*Content warning: This post mentions suicide.
Jo, a NorthKey team member, shares her experience as a survivor of suicide loss.
It has been a little over a year since our lives were forever changed. They say the pain the person is feeling when they are suicidal doesn’t go away if they die, it just gets passed on to those left behind. I wish I could go back to being ignorant of the pain, the trauma, and of being shattered into a million pieces.
His cancer was terminal…his time was limited but we had no timeline to work with. Inoperable tumors were found in his lungs but he was not having any respiratory distress. We thought we had more time. He was struggling with incontinence and pain but otherwise seemed okay. We thought we had more time. While we did make the most of the time spent together, keeping in mind his physical limitations… we thought we had more time…then I received a phone call stating my brother had ended his life……and the journey of the “after” began.

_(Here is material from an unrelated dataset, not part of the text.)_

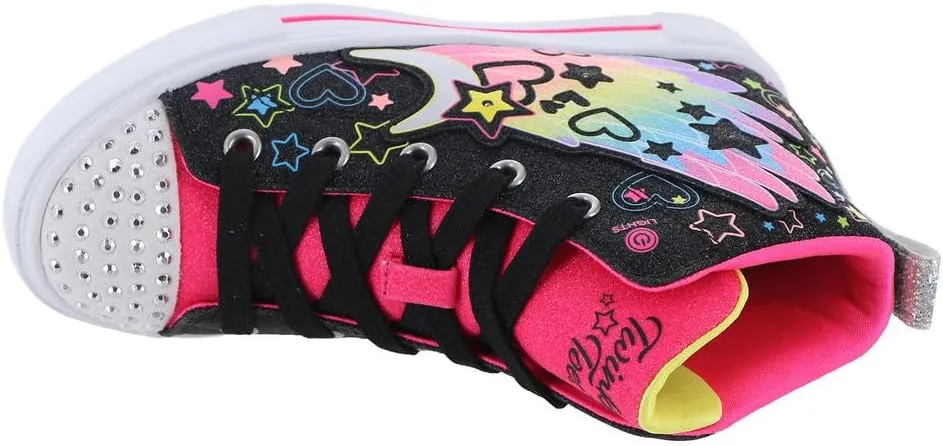 Skechers Girl's Twinkle Sparks-Galaxy Glitz Sneaker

I have always been a person who wanted to help others, the one to listen and offer support. I have always strived to understand where people came from and the road they are traveling. I’ve worked with countless people/families during their darkest times, and still, I didn’t really understand. I truly believed I was listening and supporting my brother, but I know now that I was not hearing him. I stood up for him…by him…. when he said he didn’t want to continue chemotherapy. I don’t know how many times I said “Your body, your decision. You are the one that has to experience the consequences” ….I was listening, but not hearing. I listened to him talk about how he was feeling, but one can only say, “I’m sorry, I wish there was something I could do to make it better” so many times…I was listening but not hearing….a year later I am still struggling with “Did I cause him to think there was no hope, that no one cared, or did I help set him free?” “Why couldn’t you have waited one more week, we planned on visiting you in one week?”
There have been many times I’ve wanted to go back to the before, so many things left unsaid, so many things to apologize for…..how could he not know the impact he made on the lives of his family, friends, co-workers? Countless questions…none with any answers. I can’t even begin to understand or know the thoughts he was having at the end….when he decided to end his time here on earth. It’s a struggle to remember his smiles and laughter before the pain was too much and all that was left was the sad, hopeless look that was so evident in the last pictures we have of him. I have put myself through the if onlys, what ifs, the whole gamut…. but that road didn’t lead to any answers or peace. I also knew that he would not want me lost on that road to nowhere.
Now that we have made it through a year of firsts, I still don’t have many answers. But, here are some things I do know. I know time doesn’t heal all wounds. The wounds that were created by unspeakable pain, loss, grief, and guilt are replaced by scars. Scars do not go away, but they do fade. I know the struggle bus is a real thing. Some days the ride is fairly smooth and other days the bus flattens you, then backs up to roll over you again. And while I do still spend time on the struggle bus, the time spent is a little less than the time before. I know that time doesn’t make it all better. The pain and loss will always be there, just like those scars.
However, I also know, that time gives us the opportunity to learn and grow. Time gives us the knowledge that it is okay to feel, it’s okay to struggle, it’s okay to break down, it’s okay to ask for help. It’s okay that I couldn’t/can’t be the support for my family, I can only help them find the support they need. I know that time gives us the knowledge that if all we can do at the moment, is put one foot in front of the other, we have at least taken a step. I know that time gives us the opportunity to reach out to others who may be feeling hopeless and/or alone. I know our experiences are meant to be shared with others. I know in my heart and soul he is truly in a better place and is truly free from the physical and mental pain of this world. That it was his decision, and there wasn’t anything I could have done. I had already helped by planting seeds which ultimately led him to having a relationship with his heavenly Father, his chosen higher power.
This journey, the “after”, is the opportunity to grow in my faith, and grow as a mom, sister, daughter, aunt, nurse, and as a person. I would not want this journey for anyone, but if you are on it, please know that you are not alone, it just feels that way. I cannot tell you how/when to travel the journey to healing. I can tell you that finding ways to honor my brother’s life and ways to shift my focus from what was lost to what was gained, was how I have found my way to the path of healing. I lean on my higher power, God, to help keep me on that path.